Taking into account the latest results, the most recent consensus for FB Financial from five analysts is for revenues of US$505.5m in 2020 which, if met, would be a substantial 39% increase on its sales over the past 12 months. Statutory earnings per share are forecast to dive 47% to US$1.16 in the same period. Yet prior to the latest earnings, the analysts had been anticipated revenues of US$448.3m and earnings per share (EPS) of US$0.94 in 2020. There has definitely been an improvement in perception after these results, with the analysts noticeably increasing both their earnings and revenue estimates.

Althoughthe analysts have upgraded their earnings estimates, there was no change to the consensus price target of US$27.88, suggesting that the forecast performance does not have a long term impact on the company's valuation. The consensus price target is just an average of individual analyst targets, so - it could be handy to see how wide the range of underlying estimates is. The most optimistic FB Financial analyst has a price target of US$30.00 per share, while the most pessimistic values it at US$24.50. Still, with such a tight range of estimates, it suggeststhe analysts have a pretty good idea of what they think the company is worth.

These estimates are interesting, but it can be useful to paint some more broad strokes when seeing how forecasts compare, both to the FB Financial's past performance and to peers in the same industry. It's clear from the latest estimates that FB Financial's rate of growth is expected to accelerate meaningfully, with the forecast 39% revenue growth noticeably faster than its historical growth of 14%p.a. over the past five years. Compare this with other companies in the same industry, which are forecast to grow their revenue 2.0% next year. Factoring in the forecast acceleration in revenue, it's pretty clear that FB Financial is expected to grow much faster than its industry.

The Bottom Line

The most important thing here is that the analysts upgraded their earnings per share estimates, suggesting that there has been a clear increase in optimism towards FB Financial following these results. Pleasantly, they also upgraded their revenue estimates, and their forecasts suggest the business is expected to grow faster than the wider industry. There was no real change to the consensus price target, suggesting that the intrinsic value of the business has not undergone any major changes with the latest estimates.

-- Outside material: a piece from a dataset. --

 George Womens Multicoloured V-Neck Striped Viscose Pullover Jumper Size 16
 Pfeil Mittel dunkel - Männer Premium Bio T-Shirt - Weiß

Keeping that in mind, we still think that the longer term trajectory of the business is much more important for investors to consider. We have estimates - from multiple FB Financial analysts - going out to 2022, and you can see them free on our platform here.

Don't forget that there may still be risks. For instance, we've identified 2 warning signs for FB Financial that you should be aware of.

This article by Simply Wall St is general in nature. It does not constitute a recommendation to buy or sell any stock, and does not take account of your objectives, or your financial situation. We aim to bring you long-term focused analysis driven by fundamental data. Note that our analysis may not factor in the latest price-sensitive company announcements or qualitative material. Simply Wall St has no position in any stocks mentioned.